There is a general consensus among experts that prices will trend higher moving into the latter half of Q2 and Q3, driven by production cuts, utilities companies coming to market and increased demand from countries bringing reactors online.
However, analysts at Raymond James note in their latest report that they have corrected their earlier uranium price forecast, reducing it by roughly US$3 as a result of a subdued market.
“We have reduced our 2019 average uranium price by 8 percent (to US$30.80 from US$33.63) to reflect the weaker market to start the year,” the analysts say in their latest report.
The US Section 232 investigation into foreign uranium imports has been pointed to as part of the reason the price has slightly deflated.
As the uranium sector awaited commentary from the Department of Commerce, which was turned over to the US president in mid-April, US utilities companies that usually purchase on the spot market in Q1 refrained from buying, leading to larger than normal reserves and stockpiles.

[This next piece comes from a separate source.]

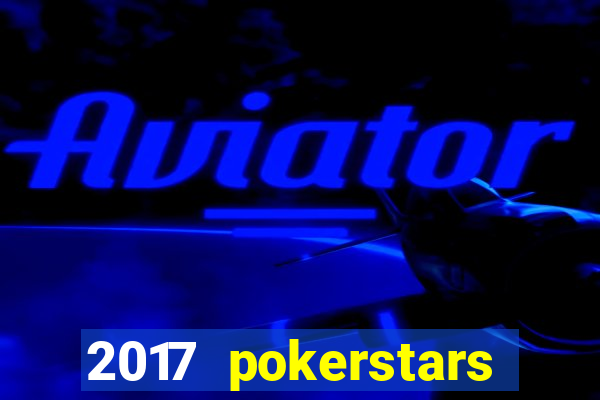 2017 pokerstars championship presented by monte-carlo casino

In their previous uranium outlook report, the Raymond James analysts admitted that attitudes remain restrained when it comes to uranium, despite its status as a viable option for clean energy production.
“We acknowledge that there is still a large inventory overhang built up after the Fukushima accident and sentiment remains negative in some countries given comments from a number of governments (e.g. Germany) about reducing their nuclear fleets and the growth of renewables and natural gas,” they said.
Nevertheless, sector participants remain certain a uranium shortage will materialize in the coming years, especially with so many projects being shuttered. Reactivating these projects will take time and could ultimately lead to a supply crunch.
Read on to learn which three uranium companies the firm prefers for exposure to the sector.
1. Cameco (TSX:CCO,NYSE:CCJ)
Current price: C$15.47; year-to-date: +0.04 percent
Last year, Cameco made international headlines when it indefinitely closed its major McArthur River and Key Lake uranium operations in Saskatchewan.
At the end of March, Cameco submitted a technical report for McArthur River to the Canadian Securities Administrators, increasing its previous reserve estimate by 9.1 percent and asserting that it will be able to hit 18 million pounds of production per year upon restart.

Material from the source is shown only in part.